### Source information
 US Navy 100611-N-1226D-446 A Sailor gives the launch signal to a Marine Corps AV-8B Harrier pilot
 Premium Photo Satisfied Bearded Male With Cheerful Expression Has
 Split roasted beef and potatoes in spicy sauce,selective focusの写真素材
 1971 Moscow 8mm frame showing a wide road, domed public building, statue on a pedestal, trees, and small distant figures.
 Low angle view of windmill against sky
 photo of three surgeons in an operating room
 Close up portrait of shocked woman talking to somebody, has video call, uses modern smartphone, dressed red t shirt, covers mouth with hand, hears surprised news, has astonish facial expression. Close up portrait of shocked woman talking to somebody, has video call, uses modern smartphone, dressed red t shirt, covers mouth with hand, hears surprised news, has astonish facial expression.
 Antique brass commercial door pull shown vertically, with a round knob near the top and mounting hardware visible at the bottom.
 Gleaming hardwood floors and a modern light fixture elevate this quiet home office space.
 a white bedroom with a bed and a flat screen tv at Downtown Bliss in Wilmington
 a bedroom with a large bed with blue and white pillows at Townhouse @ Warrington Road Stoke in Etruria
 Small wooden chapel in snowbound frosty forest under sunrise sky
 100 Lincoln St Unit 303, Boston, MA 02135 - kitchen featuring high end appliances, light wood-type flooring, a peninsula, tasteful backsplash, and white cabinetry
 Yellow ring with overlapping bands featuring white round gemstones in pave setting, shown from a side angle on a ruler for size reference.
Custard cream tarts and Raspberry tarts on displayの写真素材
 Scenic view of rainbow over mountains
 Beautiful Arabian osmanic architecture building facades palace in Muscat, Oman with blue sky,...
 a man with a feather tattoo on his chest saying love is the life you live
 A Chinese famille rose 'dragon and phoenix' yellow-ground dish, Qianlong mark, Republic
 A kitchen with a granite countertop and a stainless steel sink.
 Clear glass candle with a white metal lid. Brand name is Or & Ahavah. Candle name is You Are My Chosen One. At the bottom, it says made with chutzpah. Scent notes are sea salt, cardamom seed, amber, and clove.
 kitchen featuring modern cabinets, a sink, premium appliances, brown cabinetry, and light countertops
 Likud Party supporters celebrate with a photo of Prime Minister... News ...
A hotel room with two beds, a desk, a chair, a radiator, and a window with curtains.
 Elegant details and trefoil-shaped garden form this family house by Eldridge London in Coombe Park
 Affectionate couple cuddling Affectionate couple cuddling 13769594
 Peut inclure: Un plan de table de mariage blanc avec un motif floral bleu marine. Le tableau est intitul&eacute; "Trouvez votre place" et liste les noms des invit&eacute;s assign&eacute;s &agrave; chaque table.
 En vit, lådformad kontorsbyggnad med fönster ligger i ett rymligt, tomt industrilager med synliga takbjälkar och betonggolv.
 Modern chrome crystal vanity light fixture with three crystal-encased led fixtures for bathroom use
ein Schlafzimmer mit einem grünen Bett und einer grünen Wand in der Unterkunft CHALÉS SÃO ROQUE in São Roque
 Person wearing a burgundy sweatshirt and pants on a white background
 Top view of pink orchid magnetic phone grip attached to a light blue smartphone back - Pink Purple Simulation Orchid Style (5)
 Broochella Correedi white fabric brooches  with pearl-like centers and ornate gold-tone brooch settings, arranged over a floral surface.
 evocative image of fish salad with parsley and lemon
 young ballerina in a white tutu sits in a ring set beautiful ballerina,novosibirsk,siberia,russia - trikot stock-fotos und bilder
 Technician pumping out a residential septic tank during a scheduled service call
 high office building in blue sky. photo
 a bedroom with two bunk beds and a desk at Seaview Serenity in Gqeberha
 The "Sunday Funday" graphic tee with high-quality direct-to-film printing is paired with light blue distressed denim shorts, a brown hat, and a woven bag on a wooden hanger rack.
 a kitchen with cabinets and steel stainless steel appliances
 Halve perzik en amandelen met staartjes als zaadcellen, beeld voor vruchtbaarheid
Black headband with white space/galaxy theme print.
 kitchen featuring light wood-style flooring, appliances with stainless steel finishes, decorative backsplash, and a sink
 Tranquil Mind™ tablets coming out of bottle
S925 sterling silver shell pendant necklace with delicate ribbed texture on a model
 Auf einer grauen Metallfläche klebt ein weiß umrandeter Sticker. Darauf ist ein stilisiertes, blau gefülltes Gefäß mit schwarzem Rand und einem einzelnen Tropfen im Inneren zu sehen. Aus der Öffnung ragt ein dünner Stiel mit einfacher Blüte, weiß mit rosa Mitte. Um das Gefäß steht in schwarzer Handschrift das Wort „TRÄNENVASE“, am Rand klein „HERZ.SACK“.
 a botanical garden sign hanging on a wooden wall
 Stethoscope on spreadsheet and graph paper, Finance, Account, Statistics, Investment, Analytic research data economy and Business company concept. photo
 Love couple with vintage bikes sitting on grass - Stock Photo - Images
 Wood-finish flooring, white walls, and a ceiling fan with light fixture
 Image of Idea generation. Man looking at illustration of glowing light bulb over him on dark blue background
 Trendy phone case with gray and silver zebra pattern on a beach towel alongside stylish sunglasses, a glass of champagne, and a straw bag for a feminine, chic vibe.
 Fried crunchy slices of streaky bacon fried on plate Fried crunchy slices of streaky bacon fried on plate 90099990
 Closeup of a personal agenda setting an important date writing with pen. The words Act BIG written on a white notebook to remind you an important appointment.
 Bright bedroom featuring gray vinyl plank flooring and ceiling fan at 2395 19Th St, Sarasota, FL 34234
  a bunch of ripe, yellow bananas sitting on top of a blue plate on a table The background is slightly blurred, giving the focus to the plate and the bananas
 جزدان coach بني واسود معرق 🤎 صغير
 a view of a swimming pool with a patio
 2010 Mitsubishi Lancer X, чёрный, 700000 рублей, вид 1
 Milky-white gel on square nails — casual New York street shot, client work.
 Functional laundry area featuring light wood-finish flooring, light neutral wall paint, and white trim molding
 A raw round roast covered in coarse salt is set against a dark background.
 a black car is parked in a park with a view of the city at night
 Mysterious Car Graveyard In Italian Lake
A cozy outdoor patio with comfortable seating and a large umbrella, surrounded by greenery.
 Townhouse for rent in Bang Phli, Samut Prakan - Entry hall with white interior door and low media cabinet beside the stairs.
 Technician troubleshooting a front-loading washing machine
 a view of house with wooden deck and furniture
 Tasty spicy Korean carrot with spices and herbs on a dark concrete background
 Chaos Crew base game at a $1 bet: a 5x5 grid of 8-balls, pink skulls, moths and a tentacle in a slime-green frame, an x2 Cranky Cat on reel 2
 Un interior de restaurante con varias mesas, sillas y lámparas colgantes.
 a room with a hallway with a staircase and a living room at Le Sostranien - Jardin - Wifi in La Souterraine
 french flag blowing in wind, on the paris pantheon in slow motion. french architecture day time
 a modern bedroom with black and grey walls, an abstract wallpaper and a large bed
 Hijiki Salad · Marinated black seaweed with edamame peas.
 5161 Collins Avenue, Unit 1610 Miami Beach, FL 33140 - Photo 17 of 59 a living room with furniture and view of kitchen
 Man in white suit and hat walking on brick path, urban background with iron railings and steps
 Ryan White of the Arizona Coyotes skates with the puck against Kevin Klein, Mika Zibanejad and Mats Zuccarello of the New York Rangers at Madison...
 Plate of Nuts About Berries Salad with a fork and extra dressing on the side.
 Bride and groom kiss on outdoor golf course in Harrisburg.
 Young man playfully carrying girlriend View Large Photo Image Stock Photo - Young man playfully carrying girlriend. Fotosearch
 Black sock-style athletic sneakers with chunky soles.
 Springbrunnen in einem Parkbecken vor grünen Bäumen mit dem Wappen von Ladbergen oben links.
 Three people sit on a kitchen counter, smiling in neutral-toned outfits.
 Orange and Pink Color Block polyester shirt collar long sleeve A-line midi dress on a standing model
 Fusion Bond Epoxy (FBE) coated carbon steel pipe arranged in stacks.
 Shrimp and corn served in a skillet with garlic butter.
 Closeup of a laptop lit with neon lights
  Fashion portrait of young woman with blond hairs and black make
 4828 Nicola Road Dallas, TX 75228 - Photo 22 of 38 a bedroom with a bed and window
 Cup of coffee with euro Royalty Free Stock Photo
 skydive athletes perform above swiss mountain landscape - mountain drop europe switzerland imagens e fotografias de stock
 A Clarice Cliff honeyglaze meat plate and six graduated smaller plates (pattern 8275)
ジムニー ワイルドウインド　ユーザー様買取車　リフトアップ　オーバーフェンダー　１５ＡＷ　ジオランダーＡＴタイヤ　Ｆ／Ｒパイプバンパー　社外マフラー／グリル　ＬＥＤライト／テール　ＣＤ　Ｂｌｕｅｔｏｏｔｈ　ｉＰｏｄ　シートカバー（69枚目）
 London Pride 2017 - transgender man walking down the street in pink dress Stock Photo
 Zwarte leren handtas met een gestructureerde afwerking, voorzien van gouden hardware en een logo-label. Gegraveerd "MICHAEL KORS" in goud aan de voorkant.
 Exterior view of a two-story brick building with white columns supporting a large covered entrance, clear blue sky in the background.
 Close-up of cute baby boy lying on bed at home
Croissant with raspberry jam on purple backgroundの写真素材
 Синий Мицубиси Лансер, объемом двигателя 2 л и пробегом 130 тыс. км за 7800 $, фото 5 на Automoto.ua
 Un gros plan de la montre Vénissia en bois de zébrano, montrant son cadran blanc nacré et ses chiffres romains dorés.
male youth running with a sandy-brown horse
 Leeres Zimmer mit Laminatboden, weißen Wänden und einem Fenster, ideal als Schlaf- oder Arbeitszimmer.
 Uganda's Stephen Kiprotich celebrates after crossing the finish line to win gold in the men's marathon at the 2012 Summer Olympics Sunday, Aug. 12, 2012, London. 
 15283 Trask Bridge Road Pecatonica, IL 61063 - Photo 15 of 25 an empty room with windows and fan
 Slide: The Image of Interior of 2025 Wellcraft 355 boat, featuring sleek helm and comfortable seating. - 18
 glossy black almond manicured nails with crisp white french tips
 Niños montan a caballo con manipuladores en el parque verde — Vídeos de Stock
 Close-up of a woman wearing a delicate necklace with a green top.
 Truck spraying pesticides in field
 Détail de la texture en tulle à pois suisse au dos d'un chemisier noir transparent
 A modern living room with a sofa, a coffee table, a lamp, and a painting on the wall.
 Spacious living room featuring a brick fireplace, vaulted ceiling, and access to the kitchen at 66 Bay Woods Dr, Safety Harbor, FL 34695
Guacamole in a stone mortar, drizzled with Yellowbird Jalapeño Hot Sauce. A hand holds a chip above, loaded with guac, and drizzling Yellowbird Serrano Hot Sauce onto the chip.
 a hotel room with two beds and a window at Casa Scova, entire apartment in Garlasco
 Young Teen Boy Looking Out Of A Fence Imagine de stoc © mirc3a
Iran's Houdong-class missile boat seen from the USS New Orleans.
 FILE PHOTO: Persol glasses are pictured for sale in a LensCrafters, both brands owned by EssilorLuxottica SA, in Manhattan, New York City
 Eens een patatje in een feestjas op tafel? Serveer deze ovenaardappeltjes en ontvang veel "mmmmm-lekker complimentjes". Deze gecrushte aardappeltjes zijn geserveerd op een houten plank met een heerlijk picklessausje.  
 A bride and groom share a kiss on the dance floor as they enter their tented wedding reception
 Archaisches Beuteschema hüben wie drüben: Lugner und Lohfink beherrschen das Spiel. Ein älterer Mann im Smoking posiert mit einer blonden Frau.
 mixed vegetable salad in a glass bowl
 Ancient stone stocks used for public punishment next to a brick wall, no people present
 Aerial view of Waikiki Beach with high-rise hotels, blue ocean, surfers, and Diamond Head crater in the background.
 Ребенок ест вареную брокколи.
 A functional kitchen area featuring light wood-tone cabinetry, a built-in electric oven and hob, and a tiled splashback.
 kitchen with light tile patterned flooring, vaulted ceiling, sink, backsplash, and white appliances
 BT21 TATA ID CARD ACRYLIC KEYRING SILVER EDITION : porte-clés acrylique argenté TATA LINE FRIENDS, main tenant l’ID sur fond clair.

### Try it
When the word "desk" appears in a line of the listing, pull that line out.

### Final answer
A hotel room with two beds, a desk, a chair, a radiator, and a window with curtains.
 a bedroom with two bunk beds and a desk at Seaview Serenity in Gqeberha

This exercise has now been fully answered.